Uganda declares the end of the Ebola virus epidemic — Global issues
Infections have occurred in the major cities of Kampala and Jinja, raising fears that the disease could persist into 2023. In 2019, Uganda experienced an outbreak of the Zaire strain. Ebola.
The head of the United Nations health agency, Tedros Adhanom Ghebreyesus, congratulated authorities for their “strong” response to the outbreak, less than four months after the first case. Ebola virus infection in Sudan is confirmed, in the central district of Mubende.
“Uganda has shown that Ebola can be defeated when the whole system works together, from having an alert system in place, to finding and caring for affected people and their contacts, to engaging affected communities fully in the process response,” said Tedros.
In total, 55 people have died and 87 have recovered in the latest outbreak, according to WHORegional Director for Africa, Dr. Matshidiso Moeti, noted that There is no vaccine to treat the Sudan strain.
“This has been one of the most challenging Ebola outbreaks in the last five years,” said Dr. “But Uganda went ahead and continuously adjusted its response.
“Two months ago, it looked like Ebola would cast a shadow over the country until 2023… this victory begins the year with a hopeful mark for Africa.”
‘Magic Bullet’: Community Participation
The virus is transmitted to humans from wild animals and can be spread through direct contact with the blood of an infected person or other body fluids. Symptoms of Ebola – formerly known as Ebola hemorrhagic fever – include fever and vomiting, accompanied by internal and external bleeding.

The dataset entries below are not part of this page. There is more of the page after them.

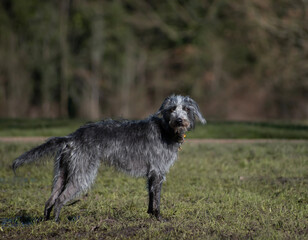 A Bedlington Whippet with a silver coat standing calmly in a green park. Full body dog portrait
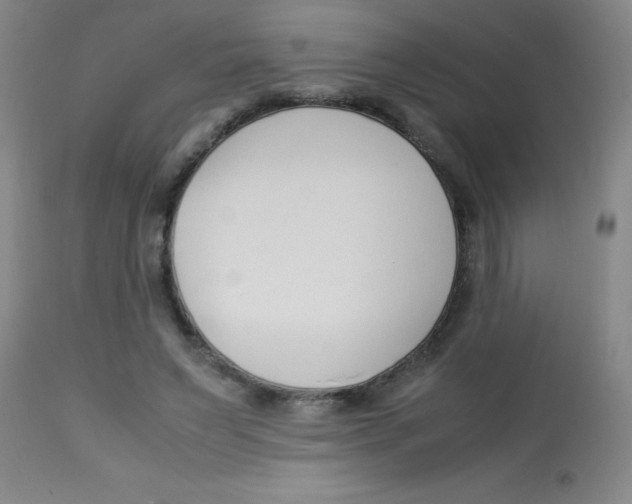 X0000113750495200910211149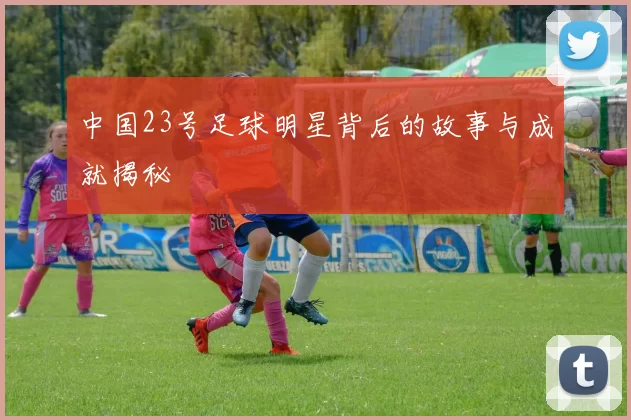 中国23号足球明星背后的故事与成就揭秘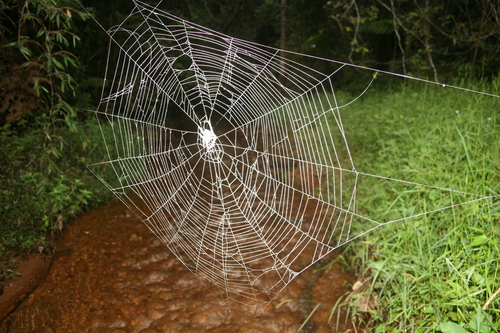 Darwin's Bark Spider
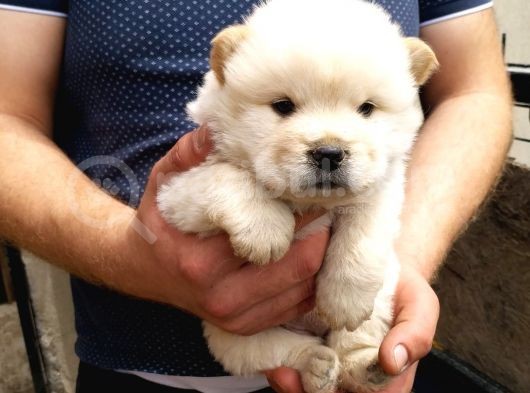 A Kali̇te Chow Chow Yavruları görsel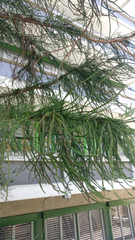 Cryptomeria japonica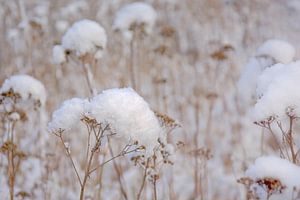 Bauernwurmkraut im Schnee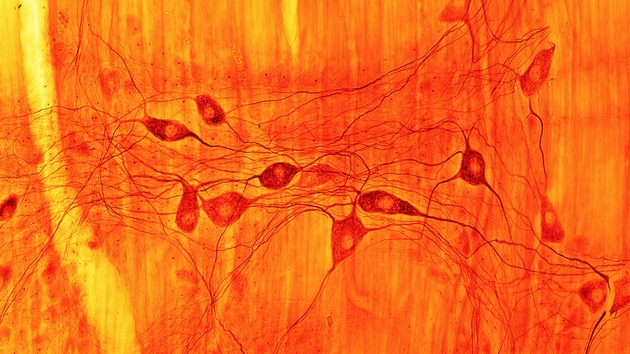 胃肠道中的一束神经元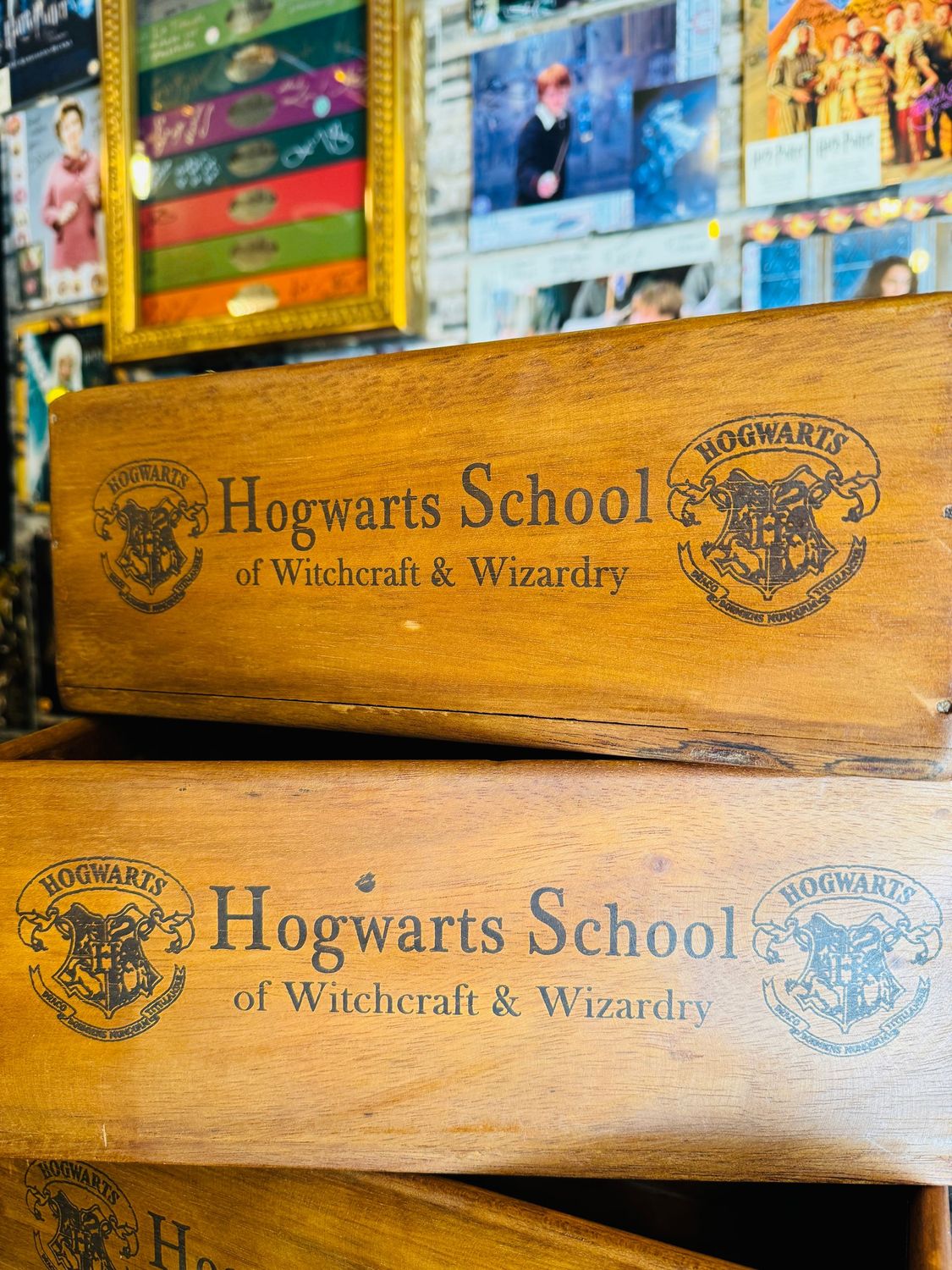 REPLICA CAJA MADERA POTIONS HOGWARTS SCHOOL L HARRY POTTER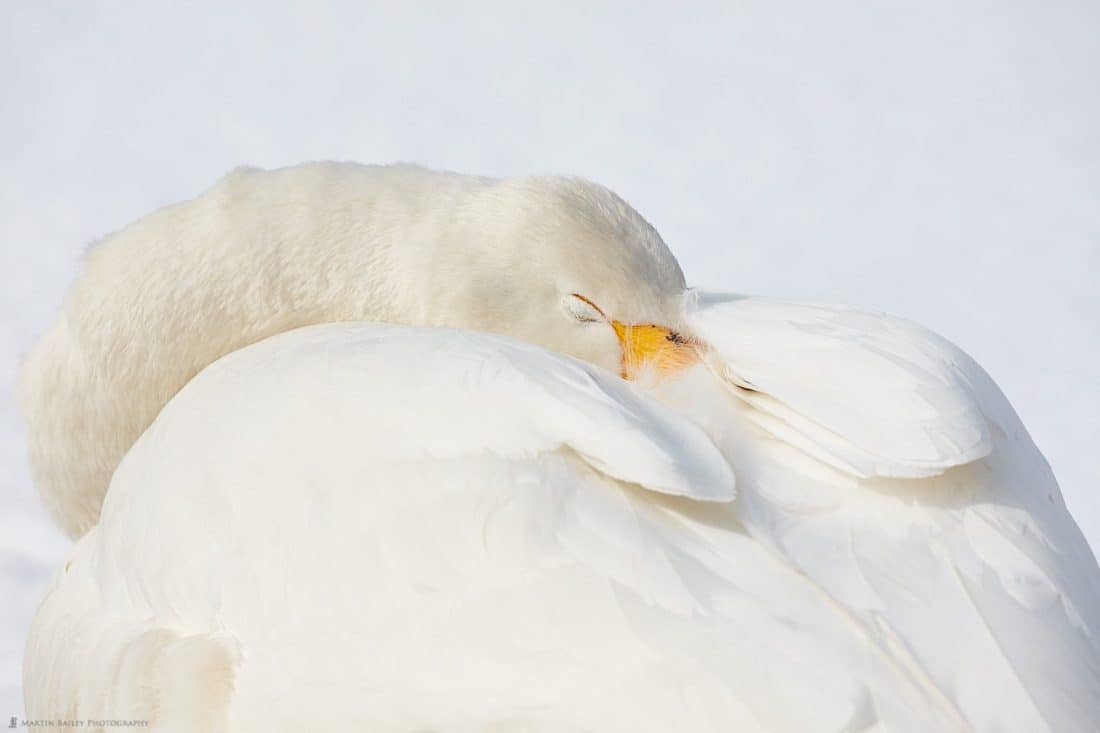 Sleepy Swan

To prevent further spread of the virus – this is the first time the country has encountered Ebola virus in Sudan in a decade – WHO worked with national health teams to explain the threat. for those at risk and the need to restrict movement in the infection hotspots of Mubende and Kasanda.
“While we have expanded our efforts to put in place a robust response in the nine impacted counties, The magic bullet is our community who understand the importance of doing what’s needed Dr. Jane Ruth Aceng Acero, Uganda’s Minister of Health said.
WHO also helps track more than 4,000 people who have been in contact with people infected with the Ebola virus. Once identified, these contacts were followed up for 21 days, before being explicitly notified.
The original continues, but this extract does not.